Growth: Restaurant Brands International Surprises Wall Street with Booming Earnings Amid International Expansion!

HANGZHOU, China — In a bustling Burger King location in eastern China, delivery personnel were busy collecting orders as the fast-food giant continues to expand its international reach. Restaurant Brands International, the parent company of Burger King, reported strong quarterly earnings that exceeded analysts’ expectations, driven largely by impressive performance in international markets.

For the quarter ending December 31, the company announced earnings of 96 cents per share, slightly above the 95 cents that analysts had predicted. Revenue for the period reached $2.47 billion, surpassing the projected $2.41 billion. Although net income attributable to shareholders fell to $113 million from $259 million a year earlier, adjusted earnings remained robust, demonstrating the company’s ability to navigate challenges.
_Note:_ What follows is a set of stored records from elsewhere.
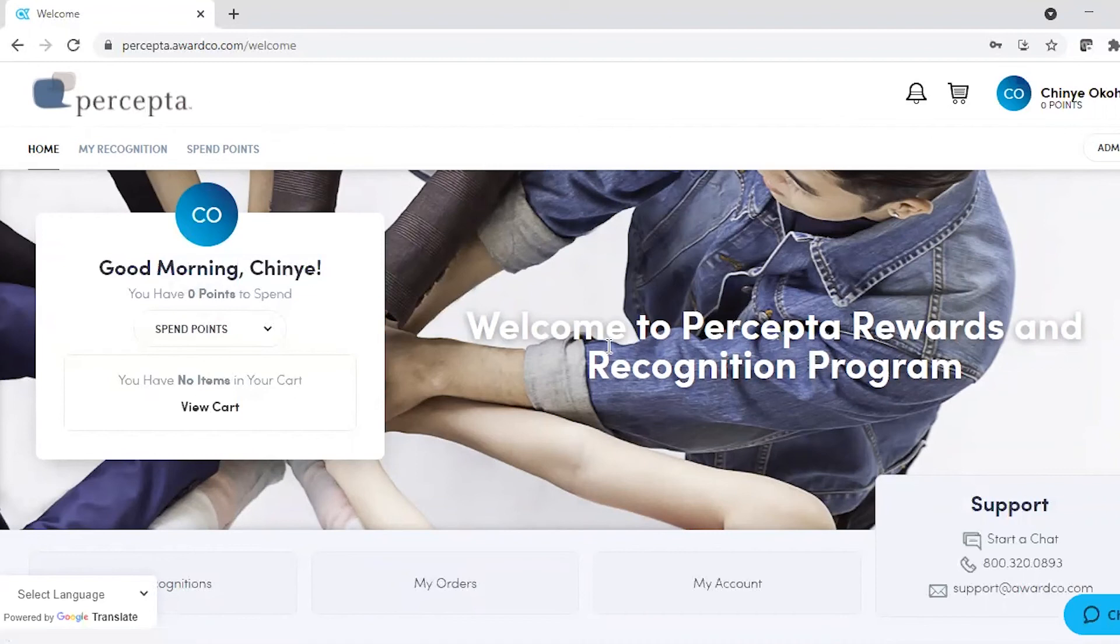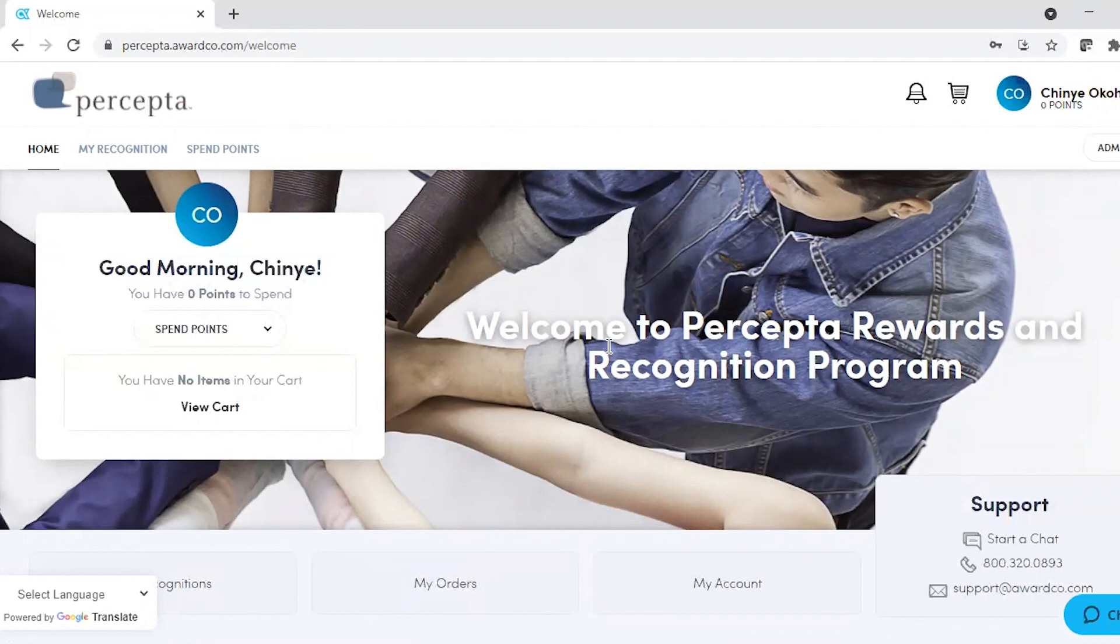So that's it. It's quick and easy to access, log in, and spend your Percy points. If you have any questions at all, feel free to reach out to the Organizational Development Team. Happy shopping, everyone.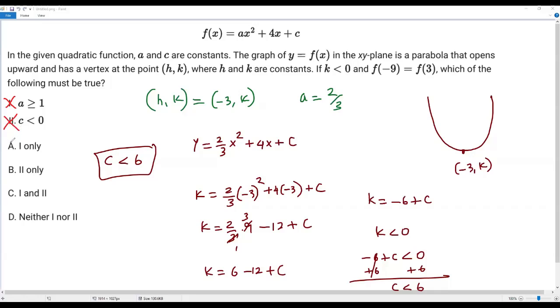So statement two is also false. We already determined statement one is false, so both statements are false. The correct answer for this question is option D.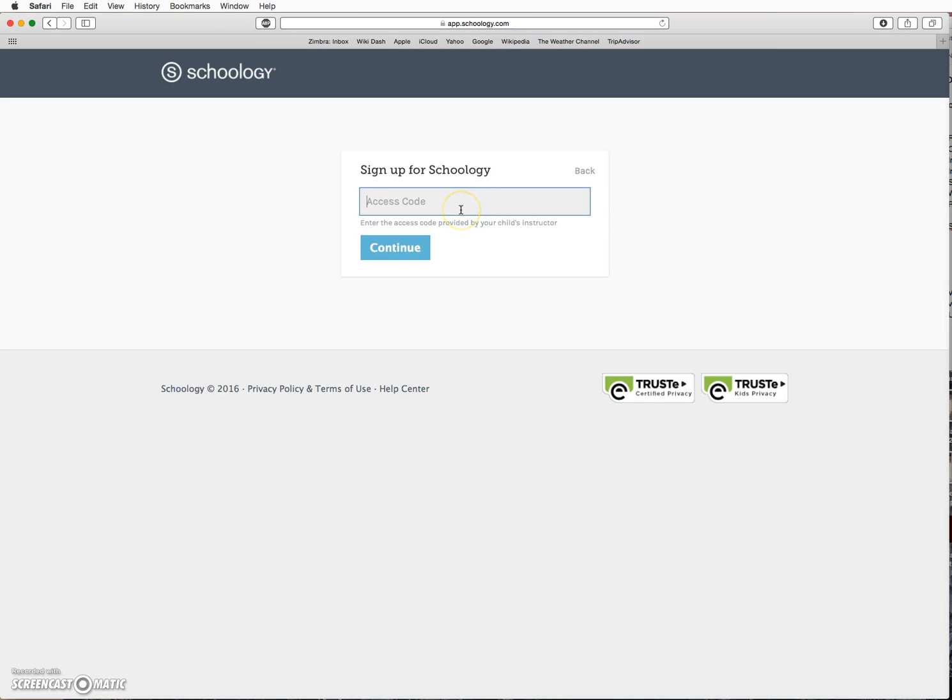Type in the parent access code for the first child and click Continue. You will have received this code, perhaps in an email from the school, or from your student's teacher or at a school event.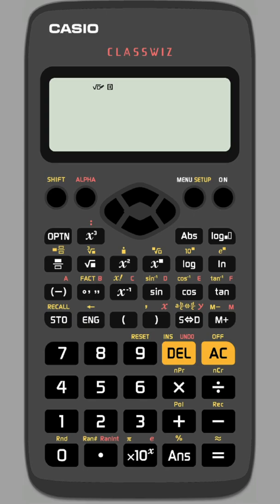You can use this feature on the calculator to check if a number is a prime number. Let's take for example 47, and let's imagine that you weren't sure whether this was a prime number or not.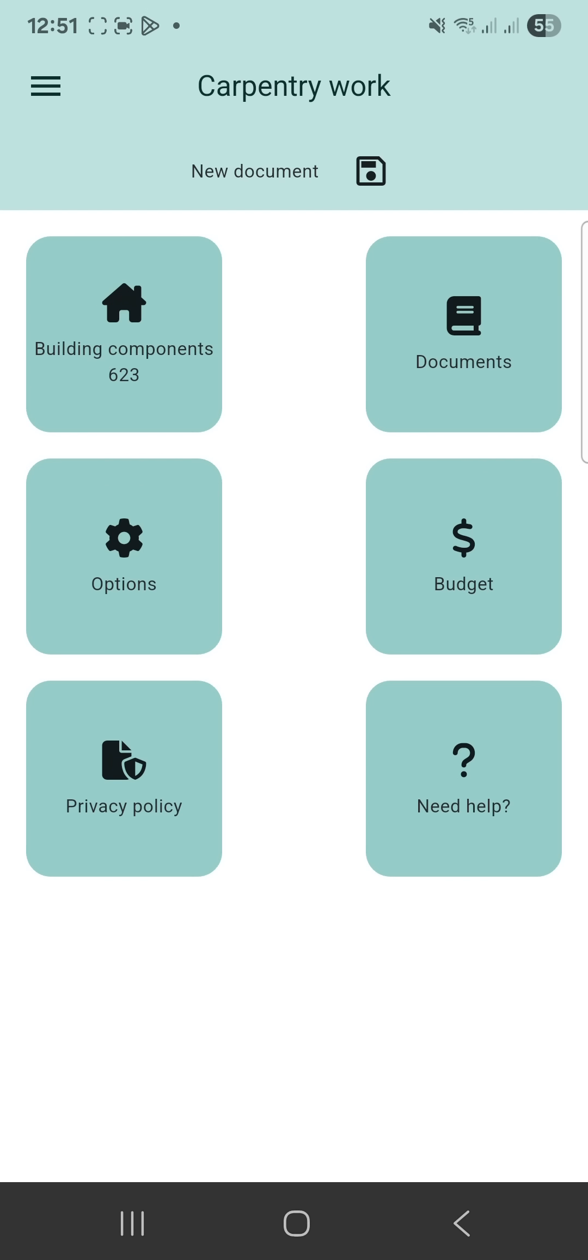Click the carpentry work icon to open its main menu, which includes building components, documents, options, budget, privacy policy and need help.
Restaurant Brands’ net sales increased by 7.4%, and when accounting for currency fluctuations and refranchising, organic revenue rose by 6.5%. The company also reported a 3.1% increase in same-store sales, bolstered by significant growth outside the U.S. and Canada, where same-store sales grew by 6.1%.

Internationally, Burger King restaurants led the charge, posting a 5.8% increase in same-store sales. This performance outstripped analysts’ expectations of a 3.7% growth. Such figures reflect a broader trend of expanding popularity and consumer interest in the brand’s offerings beyond North America.

Looking forward, Restaurant Brands is committed to expanding its presence in Asia. In a strategic move to enhance operations in China, the company recently formed a joint venture for Burger King China. Under this agreement, CPE, a Chinese investment firm, holds approximately 83% ownership, while Restaurant Brands retains a minority stake of about 17% and a board seat to influence future direction.

In addition to Burger King’s success, Tim Hortons, a prominent Canadian coffee chain under the same corporate umbrella, reported a 2.9% increase in same-store sales, although this was lower than the anticipated 3.8% rise. Tim Hortons generated nearly half of the company’s overall revenue during the quarter.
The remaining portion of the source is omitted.